* Assignment
Could you copy out all the lines in the material below where the word "Sakhir" occurs?

* Material for this exercise

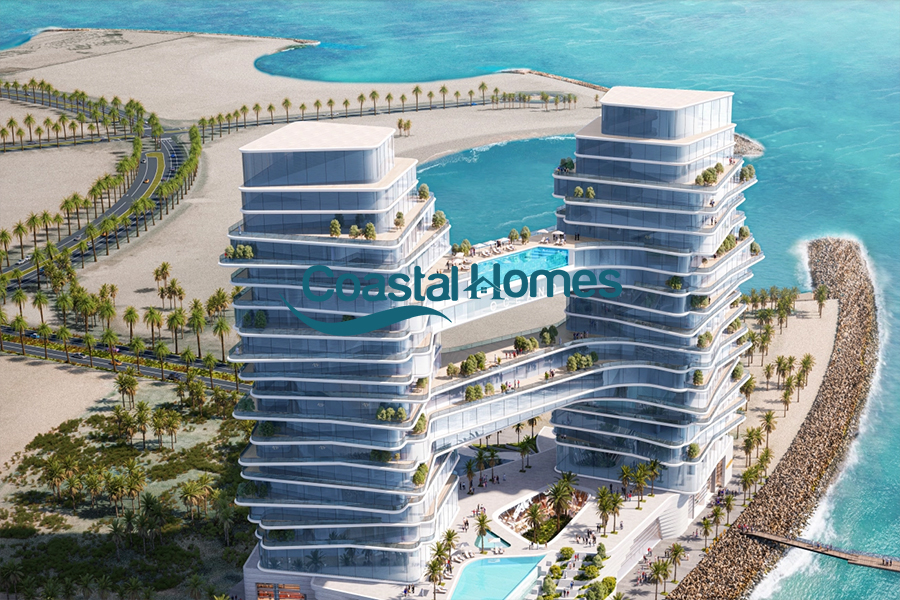 Waterfront 1 bed | Sea & Casino View | Furnished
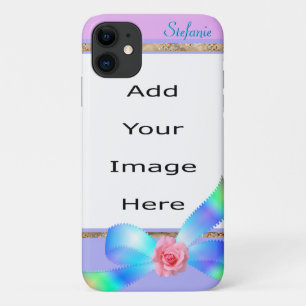 Rose & Rainbow Ribbon Flowered Border iPhone 11 Case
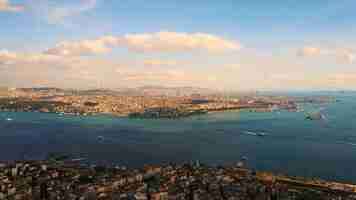 Kostenloses Foto istanbul und bosporus aus der vogelperspektive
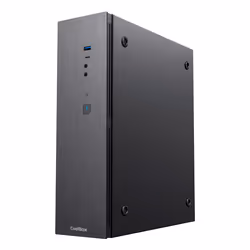 CoolBox PC micro ATX T370 Slim Basso profilo (Slimline - stilizzato) Nero 300 W - Vista aggiuntiva 2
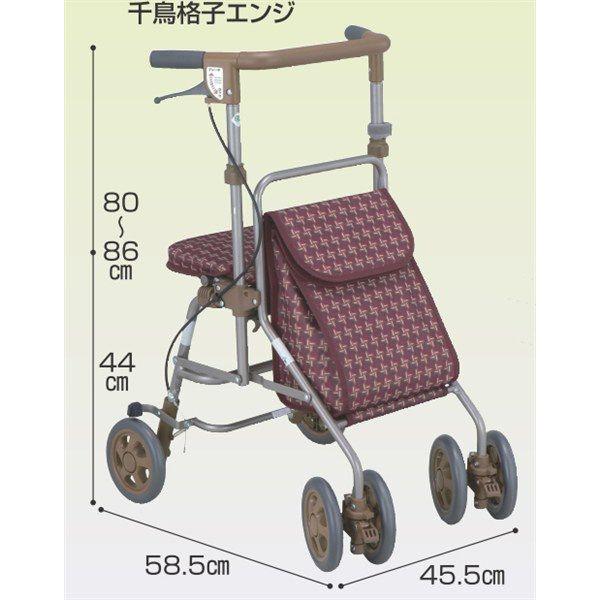 島製作所 フォルテライト シルバーカー 介護用品 軽量 ゆったり 収納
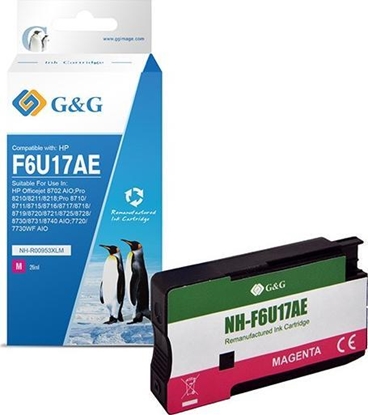 Picture of Tusz G&G G&G kompatybilny ink / tusz z F6U17AE, HP 953XL, magenta, 1600s, NH-R00953XLM, dla HP "Officejet Pro 8210/8211/8218
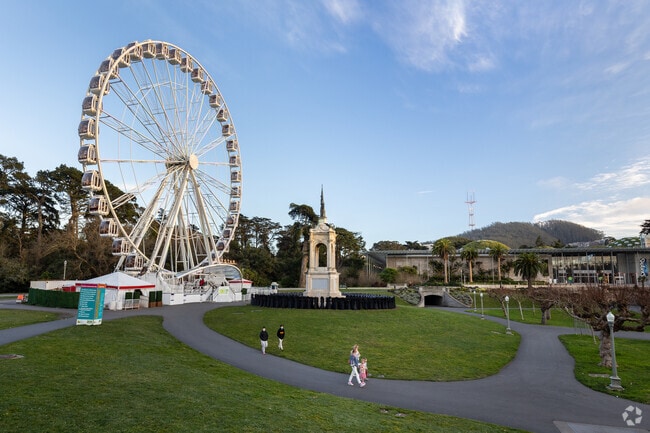 The Ferris Wheel is a classic part of the Golden Gate Park neighborhood.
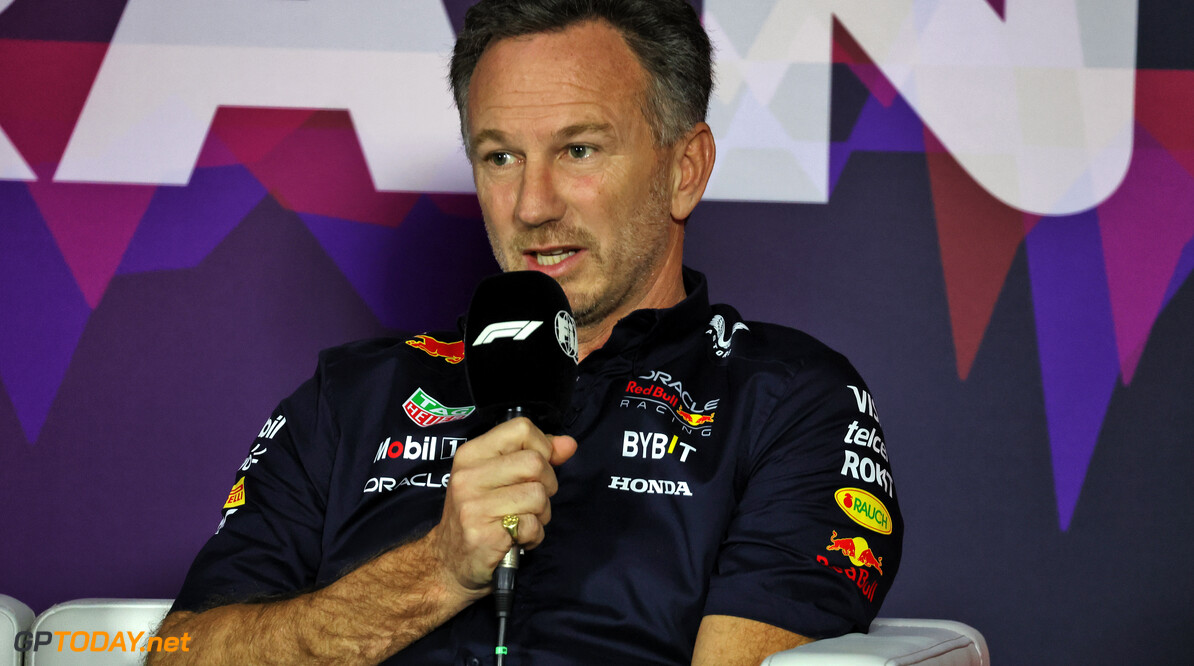 Formula One World Championship
Christian Horner (GBR) Red Bull Racing Team Principal in the FIA Press Conference.

22.02.2024. Formula 1 Testing, Sakhir, Bahrain, Day Two.

- www.xpbimages.com, EMail: requests@xpbimages.com (C) Copyright: Bearne / XPB Images
Motor Racing - Formula One Testing - Day Two - Sakhir, Bahrain
xpbimages.com
Sakhir
Bahrain

Formel1 Formel F1 Formula 1 Formula1 Test Testing one Bahrain In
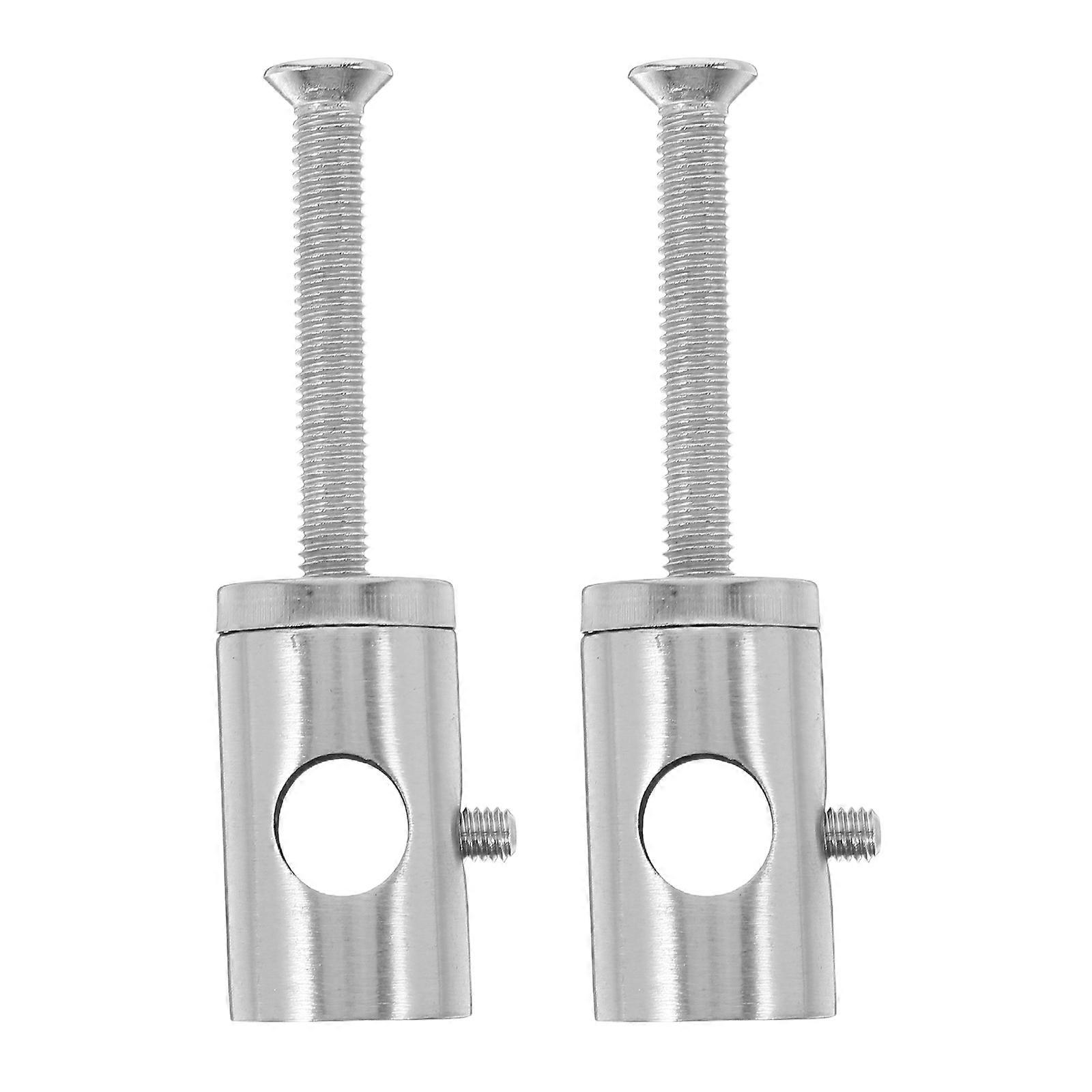 Silver Stainless Steel Handrail Bracket for Stair Support 4Pcs Set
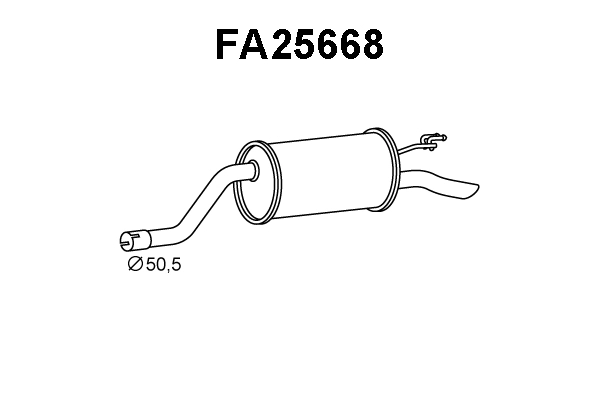 Rear Muffler (FA25668)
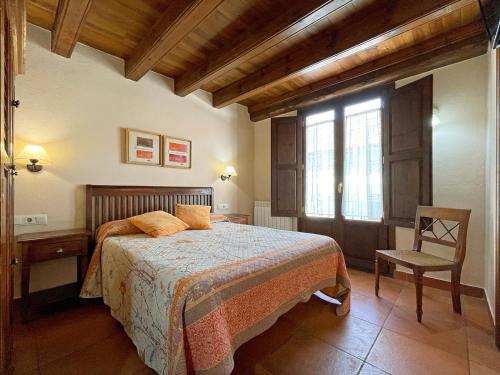 Кровать или кровати в номере Casa Rural juaningratxi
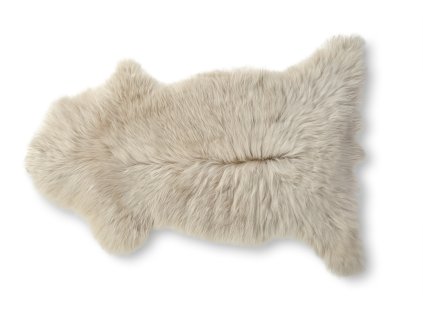 ovčí kožešina světlé cappucino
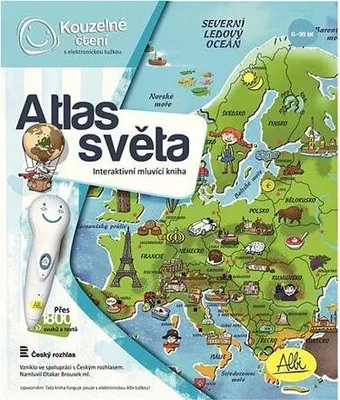 Obrázok produktu pre Albi Magic Lesen Sie das Buch Atlas of the World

* Exercise output
22.02.2024. Formula 1 Testing, Sakhir, Bahrain, Day Two.
Motor Racing - Formula One Testing - Day Two - Sakhir, Bahrain
Sakhir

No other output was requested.